Gen. Ann Dunwoody '75 Receives NCAA’s Highest Honor

Gen. Ann Dunwoody '75 Receives NCAA’s Highest Honor

12/13/2010 

Former SUNY Cortland student-athlete and 1975 alumna Gen. Ann E. Dunwoody received the 2011 Theodore Roosevelt award, the NCAA’s highest honor. The award, also known as the “Teddy Award,” on Jan. 14 during the annual NCAA Convention in San Antonio, Texas.

Named after President Theodore Roosevelt, whose concern for the conduct of intercollegiate athletics led to the formation of the NCAA in 1906, the award was established in 1967 and is given annually to an individual “for whom competitive athletics in college and attention to physical well-being thereafter have been important factors in a distinguished career of national significance and achievement.”
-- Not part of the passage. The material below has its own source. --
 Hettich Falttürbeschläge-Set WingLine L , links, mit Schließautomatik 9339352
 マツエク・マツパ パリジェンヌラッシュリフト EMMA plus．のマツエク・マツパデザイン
Dunwoody joined a prestigious list of “Teddy Award” winners that includes former U.S. Presidents Dwight Eisenhower, Gerald Ford, George H.W. Bush and Ronald Reagan. Other past winners include John Glenn, Bob Dole, John Wooden, Arnold Palmer, Bill Cosby, Sally Ride, Madeleine Albright and Jesse Owens.

Dunwoody is the first woman in U.S. military history to be promoted to the rank of four-star general and is the current Commanding General, U.S. Army Materiel Command. She graduated from SUNY Cortland with a degree in physical education and was directly commissioned into the Women’s Army Corps.  She received a Master of Science in Logistics Management from the Florida Institute of Technology in 1988 and a Master of Science in National Resource Strategy from the Industrial College of the Armed Forces in 1995.

Dunwoody as student and general.

Dunwoody, a former gymnast and women's tennis player at Cortland, is the first woman in U.S. military history to be promoted to the rank of four-star general.

Nominated by recently retired SUNY Cortland Director of Athletics Dr. Joan Sitterly, Dunwoody was a starter and four-year participant on the College’s women’s gymnastics team under Coach Antoinette “Toni” Tiburzi and women’s tennis team under Coach Sylvia Stokes.

“They were just great role models, great people,” Dunwoody recalled about Tiburzi and Stokes. “They’re ‘people’ people. They just made sports fun. I will always fondly remember Cortland because it was a positive experience for me. I have been blessed to have lots of positive experiences. The encouragement I got from the faculty there, the friends that I made there, made my whole college experience a positive one.”

When Dunwoody began her military career, women had yet to be admitted to West Point.  Her brother, father, grandfather and great-grandfather all attended the U.S. Military Academy, a family history that stretches to 1866.  Dunwoody’s father, a career Army officer, was a veteran of World War II and Korea and served in Vietnam during her college career.

In 1992 Dunwoody became the first woman to command a battalion in the 82nd Airborne Division.  She was the first female general at Fort Bragg, N.C., and the first woman to lead the Combined Arms Support Command at Fort Lee, Va.

Dunwoody was deployed to Saudi Arabia for Operation Desert Storm as a division parachute officer for the 407th Supply and Transportation Battalion, 82nd Airborne Division.  She served as the 1st Corps Support Command Commander in the deployment of the Logistics Task Force in support of Operation Enduring Freedom.

Dunwoody was promoted to the rank of four-star general in a ceremony at the Pentagon in 2008. Marking the occasion, U.S. Secretary of Defense Robert Gates said, “History will no doubt take note of her achievement in breaking through this final brass ceiling to pin on a fourth star, but she would rather be known and remembered, first and foremost, as a U.S. Army Soldier.”

In a briefing to the press after the ceremony Dunwoody remarked, “I never grew up in an environment where I even heard of the words ‘glass ceiling.’  You could always be anything you wanted to be if you worked hard, and so I never felt constrained.  I never felt like there were limitations on what I could do.”

Dunwoody remains a proponent of an active lifestyle and enjoys running with her husband, retired Air Force Col. Craig Brotchie, and their springer spaniel, Barney.